Так что социологический самообман, взгляд на реальность через призму иллюзии, продолжает сохраняться, но он уже отличается от того взгляда, который анализировал Дюркгейм. Общество больше не поклоняется себе через посредство религиозных символов; современная рационализированная, механизированная высокая культура прославляет себя в песне и танце, заимствуя их (при этом стилизуя) из народной культуры, которую, как ей кажется, она любовно увековечивает, защищает и заново утверждает.
ПУТЬ ПОДЛИННОГО НАЦИОНАЛИЗМА НИКОГДА НЕ БЫВАЕТ ГЛАДКИМ
Национализм обычно развивался по следующей типичной схеме (в дальнейшем мы еще будем к ней возвращаться). Руританцы [3] были сельским населением, говорившим на родственных и более или менее взаимопонимаемых диалектах, обитавшим в ряде обособленных, но не сильно разобщенных районов на территории империи Мегаломании. На руританском языке или, вернее, на диалектах, которые составляли этот язык, не говорил никто, кроме самих этих крестьян. Так сложилось, что аристократия и чиновничество говорили на языке мегаломанского двора, принадлежавшем к языковой группе, отличной от той, из которой выделились руританские диалекты.
Многие, хотя и не все руританские крестьяне принадлежали к церкви, где служба тоже велась на языке другой лингвистической группы. Многие священники, особенно высоко стоявшие на иерархической лестнице, говорили на языке, который был современным разговорным вариантом церковного языка этой веры и который тоже был очень далек от руританского. Мелкие торговцы из небольших городков, обслуживавшие сельскую местность, относились к другой этнической группе и религии, к которой руританское население испытывало глубокое отвращение.
В прошлом руританские крестьяне изведали много горя, трогательно и прекрасно излившегося в их песнях-плачах (которые кропотливо собирались деревенскими школьными учителями в конце XIX века и которые стали известны любителям музыки всего мира через произведения великого руританского композитора L.). Жестокое угнетение руританских крестьян вызвало в XVIII веке народное восстание, возглавленное знаменитым руританским бунтовщиком К., чьи подвиги, как известно, все еще живы в памяти его народа, не говоря уже о том, что они увековечены в нескольких романах и в двух фильмах, один из которых поставлен национальным артистом Z. при поддержке властей вскоре после провозглашения Народной Социалистической Республики Руритании.

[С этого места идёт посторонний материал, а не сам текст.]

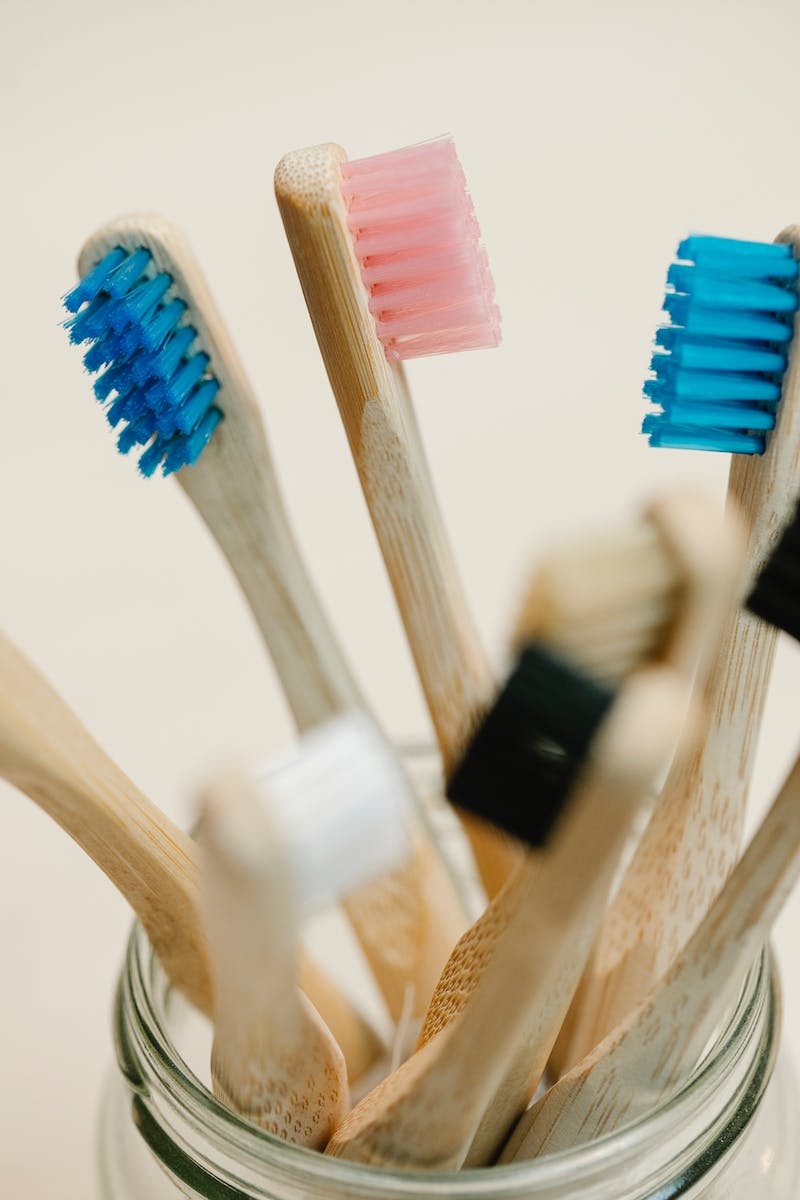 Closeup of colorful toothbrushes made of wood placed in glass jar on white background in daytime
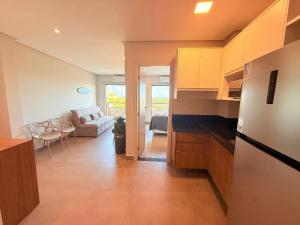 a kitchen and a living room with a couch at Style and lightness 300m from the beach in Salvador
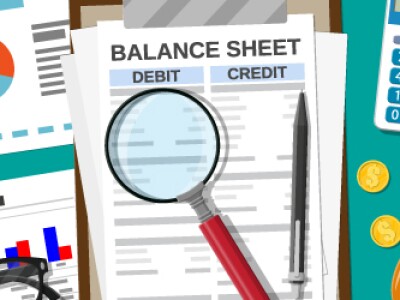 balance sheet on desk with calculator and magnifying glass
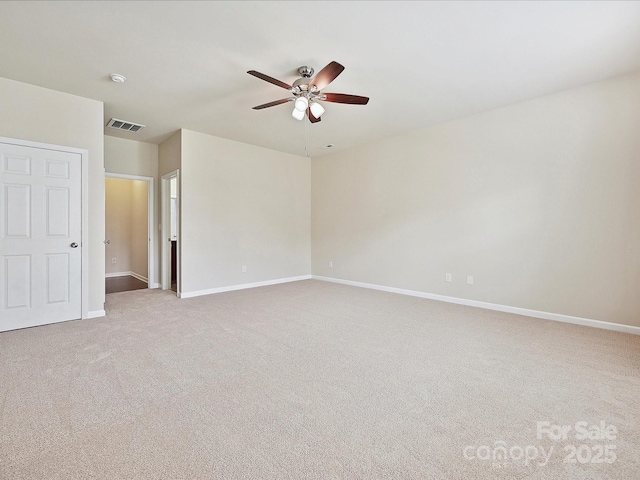 5355 Hackberry Ln SW, Concord, NC 28027 - carpeted spare room featuring a ceiling fan, baseboards, and visible vents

Нельзя пройти мимо того факта, что этот бунтовщик был схвачен своими же соотечественниками и что во главе суда, приговорившего его к мучительной казни, тоже стоял его соотечественник. К тому же вскоре после того, как Руритания впервые обрела независимость, министерства внутренних дел, юстиции и образования обошел циркуляр, в котором поднимался вопрос, не выгоднее ли теперь прославлять деревенские оборонительные отряды, которые оказывали сопротивление бунтовщику и его шайкам, а не самого этого бунтовщика, чтобы не поощрять противодействия полиции.
Внимательный анализ народных песен, с таким усердием собиравшихся в XIX веке и теперь вошедших в репертуар молодежного, туристического и спортивного движения, не выявляет какого-либо серьезного недовольства крестьянства лингвистической и культурной ситуацией, как бы их ни печалили иные, более земные дела. Напротив, все свидетельства осознания лингвистического плюрализма в песнях носят ироничный, шутливый, добродушный характер и состоят большей частью из двуязычных каламбуров, иногда сомнительного вкуса. Надо также сказать, что одна из наиболее трогательных народных песен — я часто пел ее у костра в лагере, куда меня отправляли на летние каникулы, — оплакивает судьбу пастушка, который пас трех волов на клеверном поле сеньора (sic) около леса, когда на него внезапно напала группа мятежников, требуя, чтобы он отдал им свой кафтан. По легкомыслию и по недостатку политического сознания пастушок отказался, и был убит. Я не знаю, была ли эта песня соответствующим образом переделана, когда Руритания стала социалистической. Как бы там ни было, возвращаюсь к моей главной теме: хотя в песнях часто содержатся жалобы на положение крестьянства, они не поднимают вопроса культурного национализма.